Imagine uma produtividade de 126,71sc/ha em uma lavoura de soja, com a utilização estratégica de produtos biológicos. Foi o que aconteceu na Fazenda Santana, de Itapeva (SP).

O consultor Adriano Oliveira, campeão da Categoria Irrigado/Nacional no último Desafio Nacional de Máxima Produtividade de Soja, organizado pelo Comitê Estratégico Soja Brasil (CESB), destaca que a utilização de produtos biológicos no sulco e em cobertura para controle de nematoides e doenças de solo contribuiu para a elevada produtividade. “Também realizamos tratamento de sementes com fungicidas, inseticidas e bioestimulantes, e incluímos inoculantes com rizóbios e promotores de crescimento”, acrescenta.

Desafios na lavoura

Adriano aponta que um dos principais desafios foi lidar com a variabilidade climática, especialmente no período de florescimento e enchimento de grãos. “Tivemos veranico no início da formação de vagens e chuvas excessivas na maturação. Para superar isso, apostamos em cultivares com bom teto produtivo e estabilidade, fizemos o escalonamento do plantio dentro da janela ideal e utilizamos tecnologias de monitoramento em tempo real para antecipar manejos e proteger o potencial produtivo”, observa.

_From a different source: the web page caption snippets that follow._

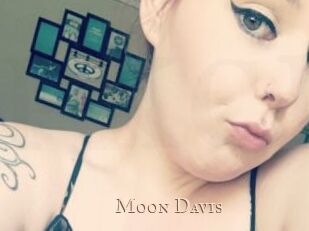 Moon_Davis Pink Center Fold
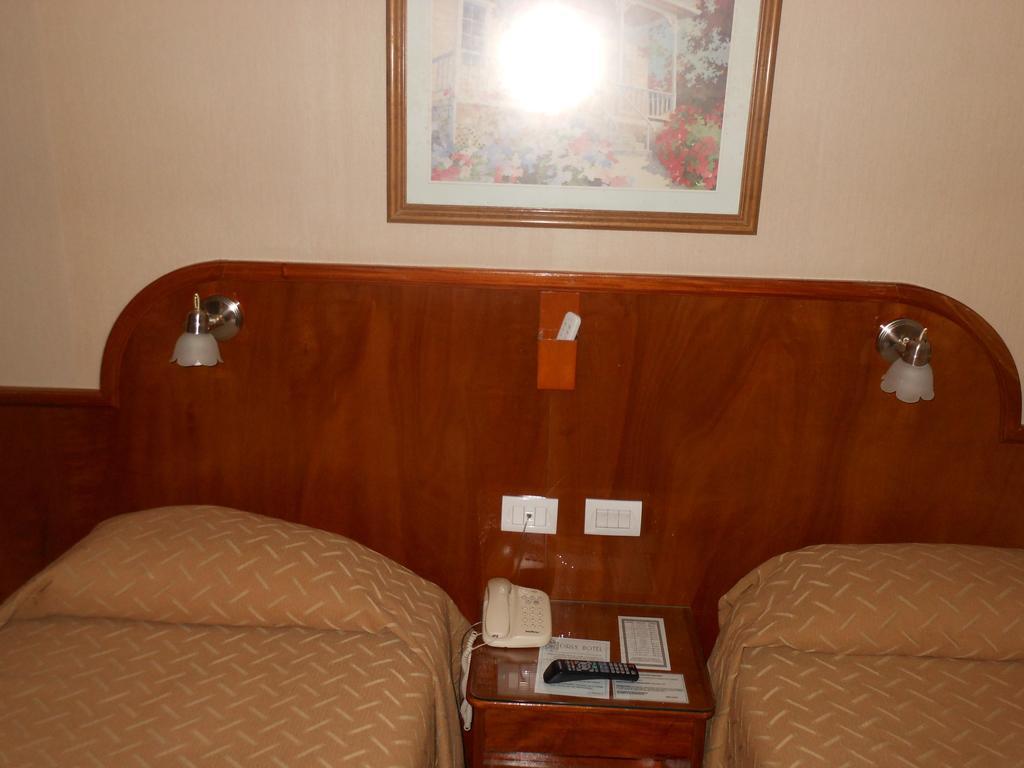Hotel Orly 科连特斯 客房 照片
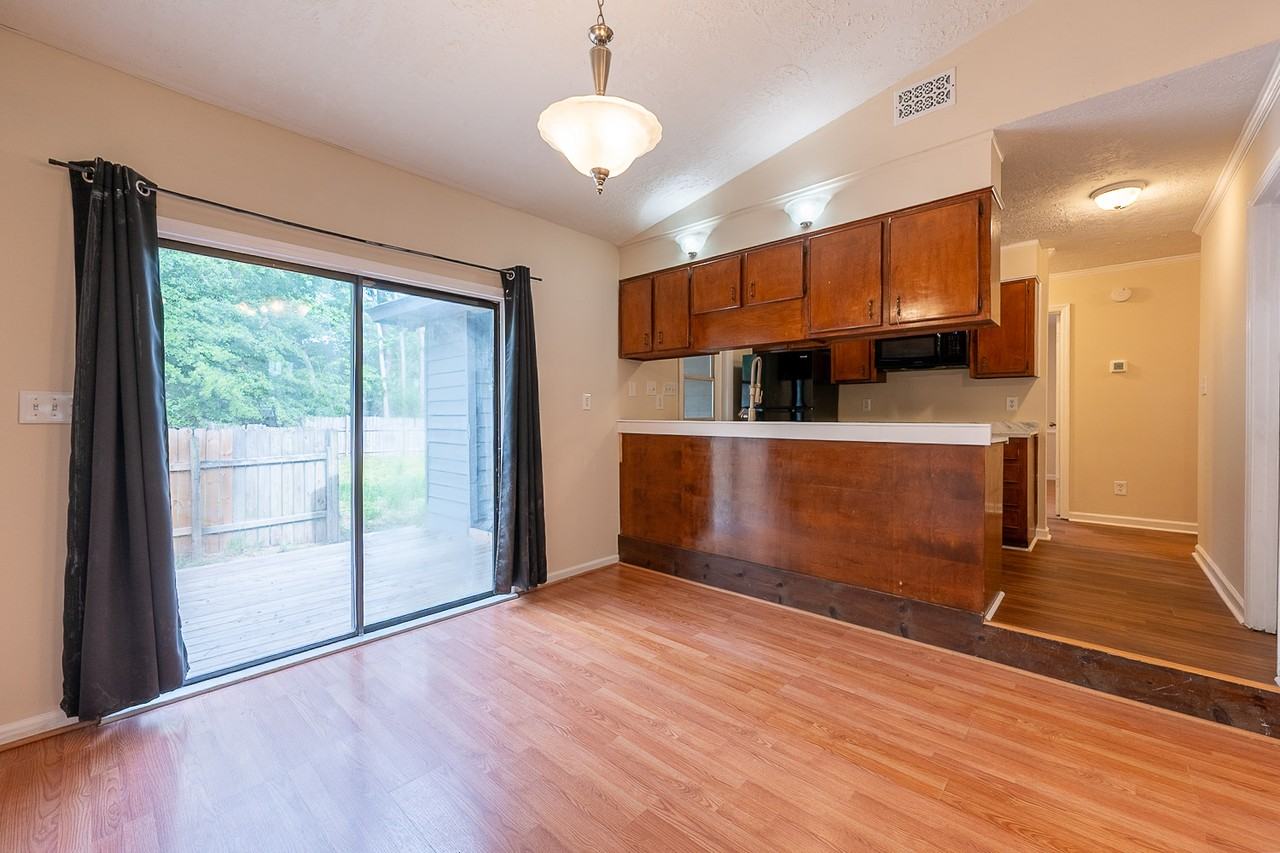 3101 Village West Dr #1 - Photo 7 of 22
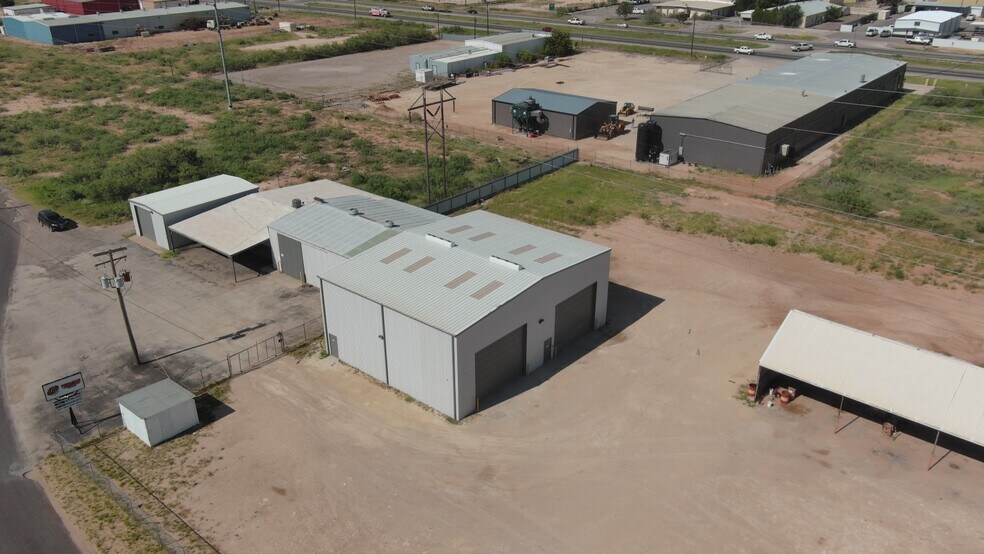 More Photos Of 3351 Westover Dr, Odessa Service For Lease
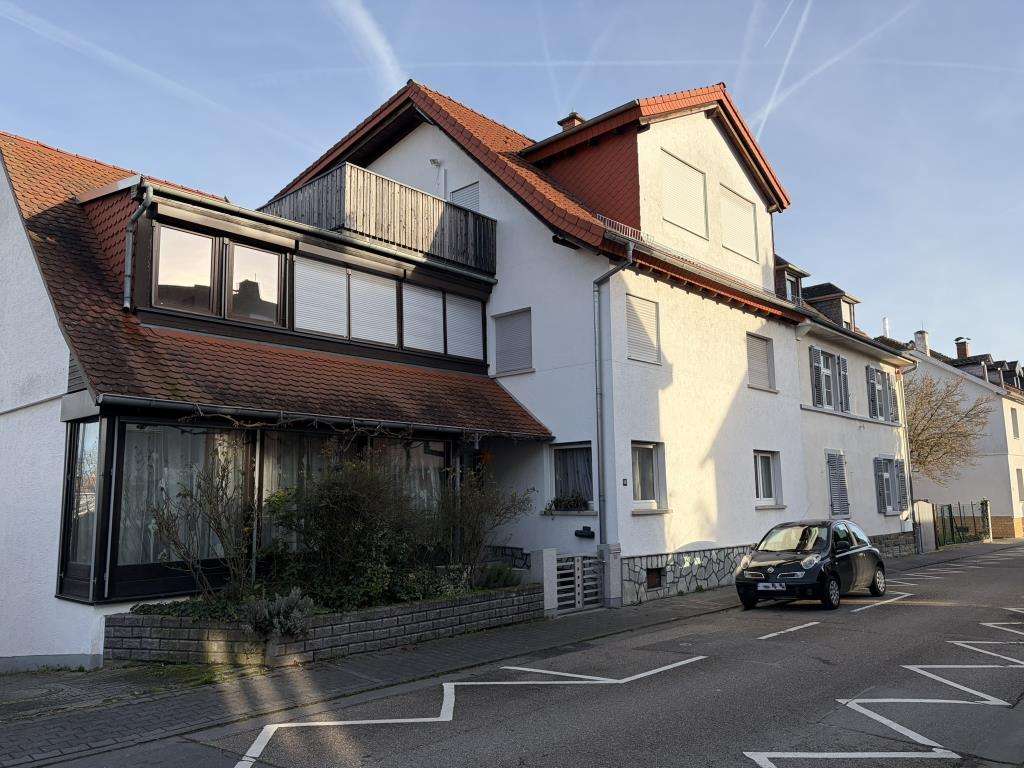 Thumbnail-Haus zum Kaufen in Eschborn 749.000,00 € 190 m²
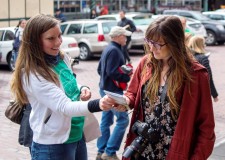 Volunteers from the Seattle chapter of The Way to Happiness Foundation share the universal message of The Way to Happiness. 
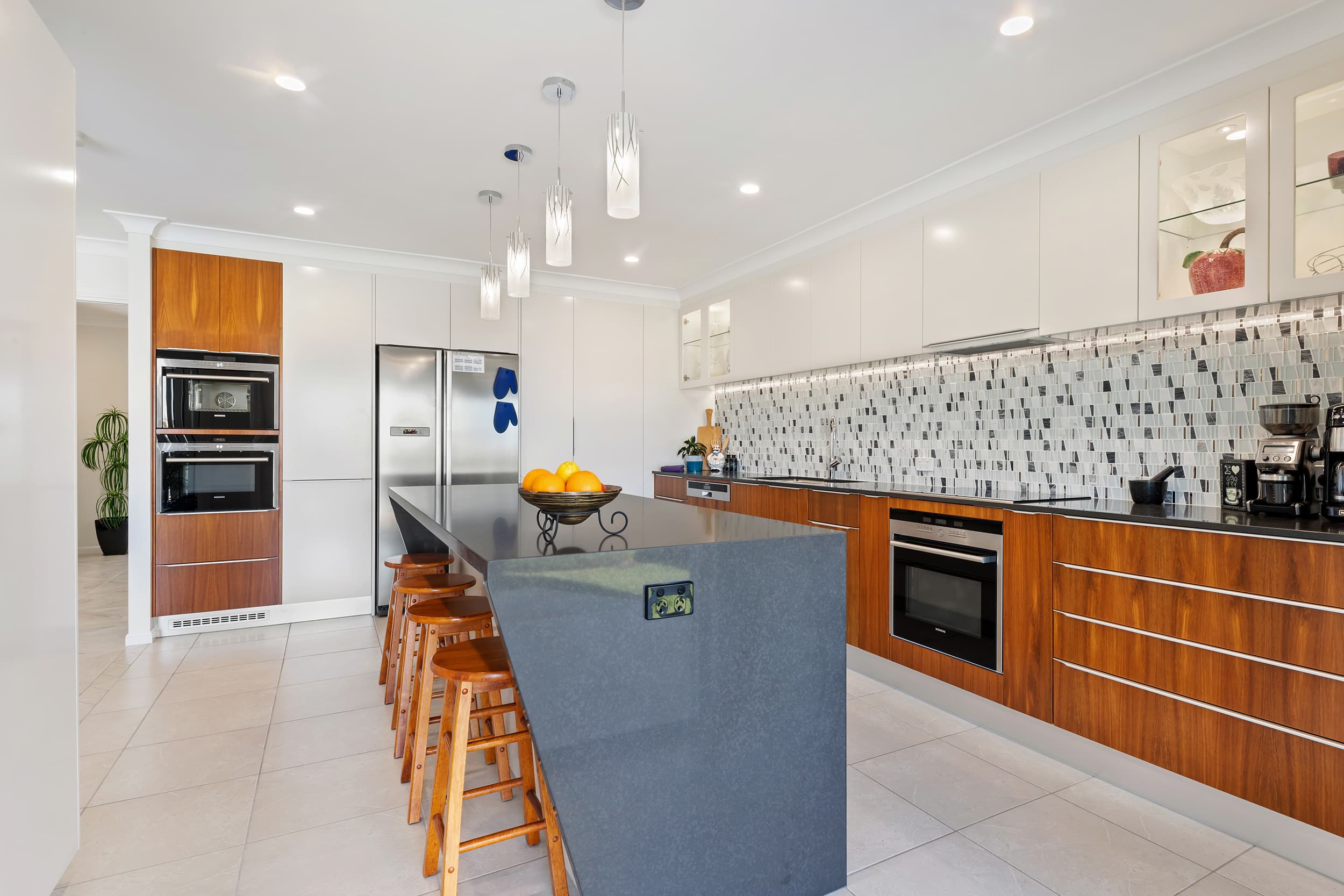 80 Dunlin Drive, Burleigh Waters, Burleigh Waters - Thumbnail 5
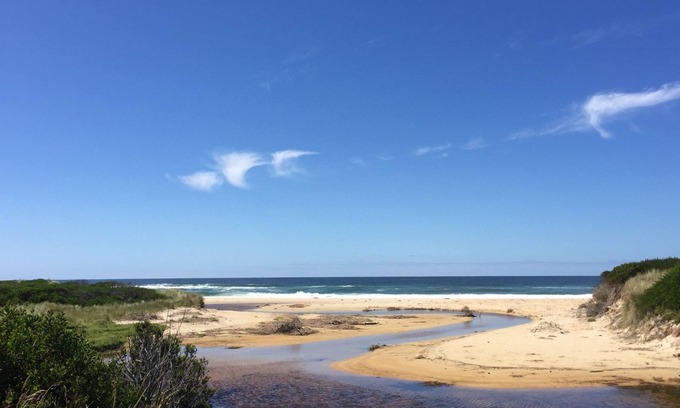 Beaumaris House | "Drop In" Beach Haus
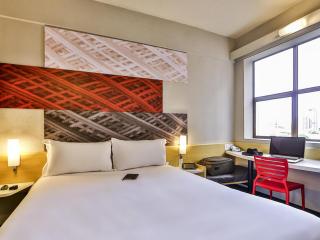 Ibis Maringa - 2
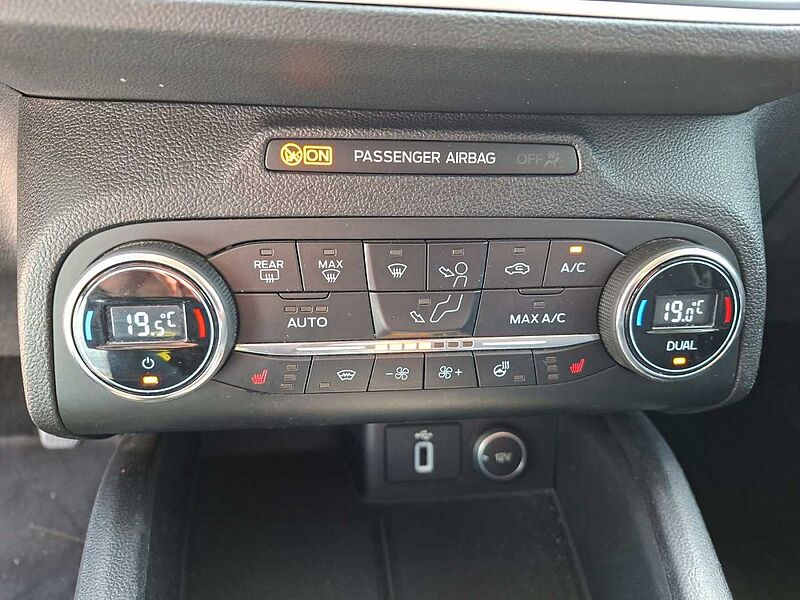 Ford Focus Cool & Connect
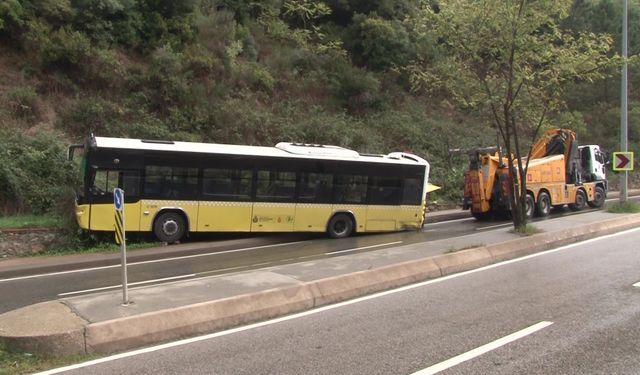 İETT otobüsü yoldan çıktı: O anlar kamerada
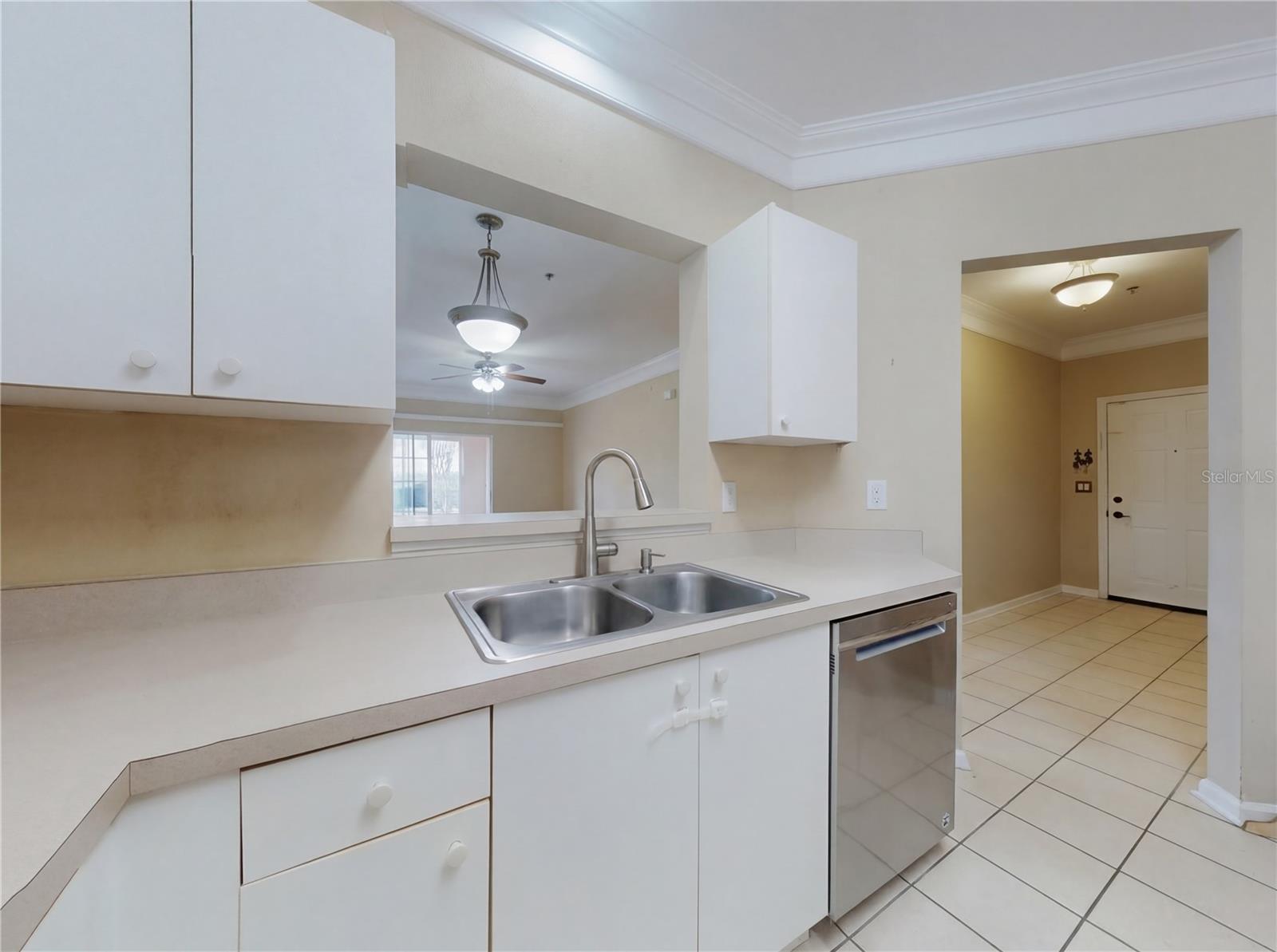 SUMMERGATE CONDO PH 01 5923/0662 - Residential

Em relação ao controle de pragas e doenças, o consultor sinalizou que priorizou a ferrugem asiática, mancha-alvo e percevejo-marrom, por serem recorrentes na região. “Atuamos com fungicidas protetores desde o V4-V5 e intensificamos o manejo com alternância de mecanismos de ação. Para pragas, adotamos controle antecipado com aplicações programadas e monitoramento semanal. A adoção de produtos com efeito fisiológico e residual ajudou a manter o estande e o enchimento de grãos”, lembra.

Importância do desafio

O consultor considera o Desafio do CESB um termômetro técnico. “Ele nos tira da zona de conforto e exige um nível de excelência em cada detalhe”, expõe, acrescentando: “Durante o ciclo, tivemos momentos de preocupação com o clima, mas mantivemos o foco com base nos dados e no planejamento técnico bem feito. Cada decisão foi tomada com respaldo em monitoramento e histórico da área”.